Phillis had to remain below during this storm, and she was sick again. She cried so for me that the captain—kind old man that he was—let me go down to her whenever I could be spared from the deck. The child seemed to feel that she was perfectly safe if I was with her.
Her constant trust in me made a strong impression upon my mind. Nor was it an unpleasant impression. Nobody had ever leaned before on me as this child did—not even my mother. It made me feel more manly and put me on my very best behavior.
Chapter XXI
In Which the Sister Ships Once More Race Neck to Neck
That gale hit the Gullwing harder than any blow she had been through (so Mr. Barney said) since she had left Baltimore. We could not do much toward making repairs until the gale had blown out; we only cleared away the wreckage aloft, reefed everything snug, and let her drive.

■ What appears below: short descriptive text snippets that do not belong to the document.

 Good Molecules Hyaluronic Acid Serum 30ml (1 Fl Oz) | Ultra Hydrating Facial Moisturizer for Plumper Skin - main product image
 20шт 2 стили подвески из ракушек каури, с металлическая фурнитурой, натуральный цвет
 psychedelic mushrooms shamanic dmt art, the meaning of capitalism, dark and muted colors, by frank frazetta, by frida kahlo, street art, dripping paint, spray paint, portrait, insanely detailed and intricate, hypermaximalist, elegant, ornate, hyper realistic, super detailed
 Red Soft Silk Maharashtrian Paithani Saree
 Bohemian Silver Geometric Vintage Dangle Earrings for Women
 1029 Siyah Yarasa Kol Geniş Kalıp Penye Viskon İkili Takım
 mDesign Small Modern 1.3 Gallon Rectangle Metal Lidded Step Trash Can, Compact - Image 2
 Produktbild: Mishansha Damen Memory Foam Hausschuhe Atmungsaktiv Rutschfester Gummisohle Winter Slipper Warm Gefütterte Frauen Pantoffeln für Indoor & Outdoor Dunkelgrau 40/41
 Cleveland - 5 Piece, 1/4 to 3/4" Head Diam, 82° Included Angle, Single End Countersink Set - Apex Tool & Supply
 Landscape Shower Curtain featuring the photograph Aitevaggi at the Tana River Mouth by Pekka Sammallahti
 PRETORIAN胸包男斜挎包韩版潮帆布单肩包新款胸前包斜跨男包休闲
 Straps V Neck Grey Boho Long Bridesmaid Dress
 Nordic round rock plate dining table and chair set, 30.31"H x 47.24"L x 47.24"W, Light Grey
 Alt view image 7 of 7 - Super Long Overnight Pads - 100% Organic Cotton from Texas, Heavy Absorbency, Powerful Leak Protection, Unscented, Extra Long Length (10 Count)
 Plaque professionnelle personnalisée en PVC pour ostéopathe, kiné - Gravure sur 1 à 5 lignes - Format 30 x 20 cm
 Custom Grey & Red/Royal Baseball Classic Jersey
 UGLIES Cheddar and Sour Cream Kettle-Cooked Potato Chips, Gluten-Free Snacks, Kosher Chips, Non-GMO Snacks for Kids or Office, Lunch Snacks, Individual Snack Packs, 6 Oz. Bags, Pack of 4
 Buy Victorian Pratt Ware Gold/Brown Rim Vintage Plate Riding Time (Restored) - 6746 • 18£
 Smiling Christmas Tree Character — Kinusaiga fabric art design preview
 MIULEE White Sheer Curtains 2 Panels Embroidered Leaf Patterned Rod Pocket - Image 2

Captain Bowditch worried like an old hen with a mess of ducklings. I don’t know when the old man slept. He was on deck every moment of his own watch, and I could hear him often roaring orders during our watch below.
This was the time when the fact that the Gullwing was short-handed made the crew groan. It was up and down at all hours for us. If there was a lull in the gale we were yanked out and sent aloft to risk an inch more canvas. Cap’n Joe coaxed her along every chance he saw. The thought of getting ahead of the Seamew obsessed the Old Man’s mind while he was awake, that was sure!
We discussed our chances forward with much eagerness, too. The Seamew had left us behind during the fair weather; we could make up our minds to that. But now we had a better chance. The Gullwing was better worked, short of hands as she was, than the Seamew.
I remembered vividly how Cap’n Si Somes hopped about, and bawled orders, and seemed to get in his own way when a squall came up, or the weather was unfavorable. He was a more nervous man that our skipper; and, I believed, he was nowhere near so good a seaman. At least, I had got that idea in my head, and comparing the actions of the two skippers in a squall, I guessed any unprejudiced person would have accepted my view as correct.
We came out of this blow at last, fair weather returned, and Phillis had her awning re-rigged, and was able to come on deck again, although the Atlantic billows were tumbling heavily.